Growing up in Brooklyn, Inciardi remembers retrieving a gilded bee nestled in a box from one of artist Clark Whittington’s Art-o-mats — repurposed cigarette vending machines that spit out artwork the size of a pack of Camels. “My parents still have the bee on display,” Inciardi says. “So I always had that in the back of my mind.” She worked with a vendor (she won’t say who because there have already been copycats) to craft a machine that could distribute prints measuring two and a half by three and a half inches and debuted it at an open-studio event in her Portland workspace in 2022. In June, an Instagram Reel she posted showing the machine in action received nearly 18 million views. Since then, requests have poured in from more than 600 business owners all over the world who want to install her machines.

They’re currently displayed in Portland home-goods boutique Soleil and Brunswick’s Wild Oats bakery, as well as in a Denver pottery studio, a Brooklyn grocer, and Manhattan’s Whitney Museum of American Art. Inciardi is working with a business partner to scale up vending-machine production, and they plan to install 10 new models per month this year. Hosts can customize their print selection — Inciardi created 10 New York–themed works for the Whitney — or receive a random assortment that might include a piece of farfalle, a Cheez-It, a fluorescent-pink popsicle, a tin of sardines, or a stick of butter.

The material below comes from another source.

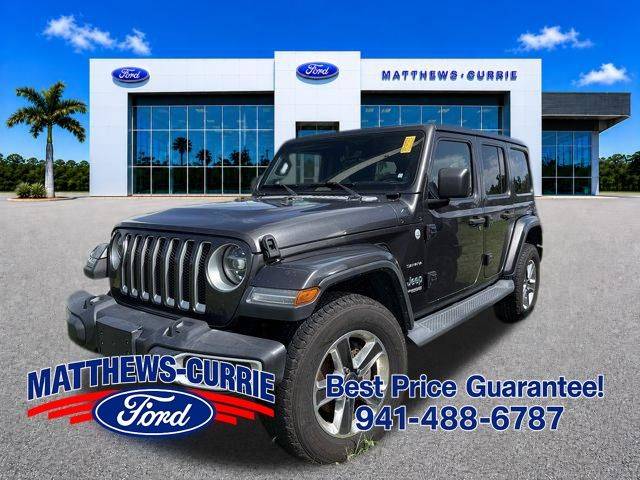 2019 Jeep Wrangler Unlimited Sahara 4WD photo
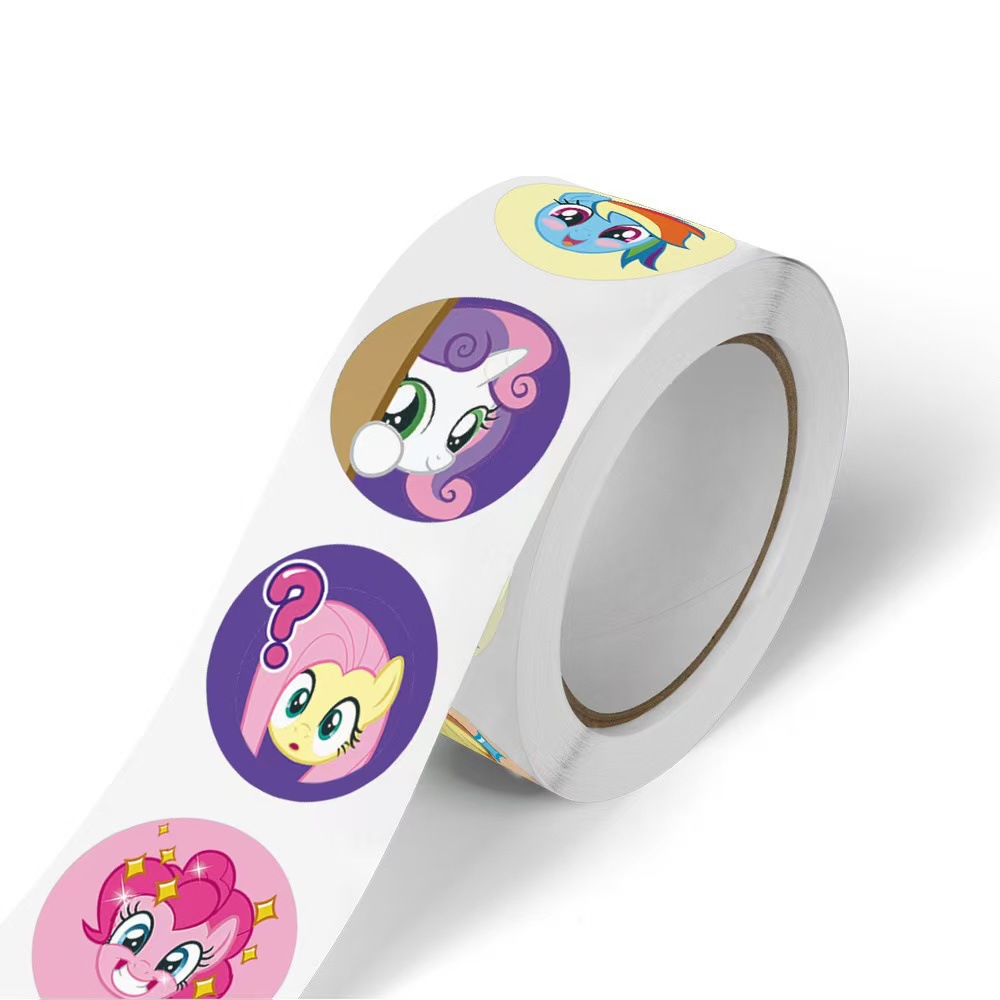 500Pcs My Little Pony Round St - Label Printer Tape recension och pris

After falling in love with linocut printmaking in college, Inciardi found her favorite subjects were edible. “Those were the prints that connected me to my family, my friends, because we’re all food obsessed,” she says. Inspiration comes from childhood memories — of the cans of San Marzano tomatoes her father would use to make sauce from a cookbook compiled by her great-grandmother, the stuffed artichokes her grandmother made from the same cookbook — as well as from grocery-store shelves and the produce her fiancée, Addison Wagner, brings home from her job at Topsham’s Whatley Farm.

On Saturdays last summer, Inciardi brought her studio vending machine to the Brunswick-Topsham Land Trust Farmers’ Market, where a regular crowd showed up each week to collect and swap her pocket-size prints. She went because she likes seeing her work in people’s hands. Plus, even though she has checks coming in from the hosts of her far-flung vending machines, she still needs quarters for laundry.